神宮は実に125の社からなる。その中で天照大神を奉祀するのは僅か数箇所に留まる。それでも、神宮が皇大神宮の御正殿のために存在すると言えるし、それは天照大神の和魂を奉祀する宮である。だから、神宮の崇拝が天照大神の崇拝と一致することは言える。

では、それが一般的に特別な崇拝を捧げる理由になるだろう。

天照大神は最高の神である主張は『古語拾遺』に見えるので、少なくとも9世紀初頭からある概念である。『古語拾遺』の主張で、天照大神が他の神を支配するかのように表現されているが、その後の表現が変わってきた。天照大神は一番貴い神であるが、支配する存在ではないと主張することは多くなってきた。

確かに、主祭神は最高の神様であることは、崇拝の理由になる。強制的ではないが、理由になる。しかし、問題が発生する。その問題は神明宮の存在である。つまり、天照大神を奉祀する神社は神宮に限らない。実は、私の氏神神社の祭神の一柱は天照大神である。

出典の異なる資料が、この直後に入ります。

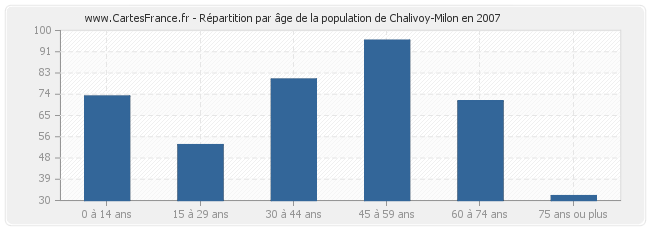 Répartition par âge de la population de Chalivoy-Milon en 2007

天照大神の特質に基づいて崇拝を促せば、天照大神が鎮座する神社であれば、どこでも良いのではないかと思われる。神明神社の宮司が神宮大麻の頒布に抵抗感を感じることがあるとも聞いたことがある。つまり、自分の神社の主祭人を奉祀する別な神社のお札を自分の神社から頒布する行為に矛盾を感じるようだ。自分の神社に対して不敬なのではないか、と。

ご祭神で伊勢の神宮と他の神明社を区別できないと認めたら、天皇との関係で神宮を特筆することはできるのではないか。それは確かにできる。神宮は天照大神が最初に鎮座した神社であるとは言えない(元伊勢でまだ天照大神を奉祀する神社は少なくないからだ)が、これは天皇の崇敬の中心となった。天皇との関係が一つで一般の崇拝の理由にならないとしても、天照大神の本質と合わせたら理由になる可能性がある。その可能性を認めるが、具体的にどのようになるかは、すぐに見出せない。逆に、天皇が神宮で拝むので、一般の国民が別な神社で拝むべきであると言えるのではないか。論議の詳細は重要になる。

それで、更に根本的な問題を考えなければならない。天照大神の本質が崇拝する理由になるとしたら、その本質は何であるかとはっきりしないといけない。「最高の神様」と言ったら、大きな暗黙前提がある。それは、神様が本当に存在するし、記紀神話が大枠として正しく本質を伝える、ということである。

堂々と書くと、問題は明白である。神の存在ははっきりされていないし、記紀神話を信頼する理由は特にない。実は、記紀神話を読めば、そして延喜式祝詞と参照すれば、元々高皇産霊神は最高神だったのではないかと思ってくることは少なくない。これほど議論を許すことを実践の中心的な行動の理由とするのは、確かに宗教らしいが、それでも問題であるとも言える。

だから、疑う余地のない伝統が根拠になり得るかどうかも検討すべきだろう。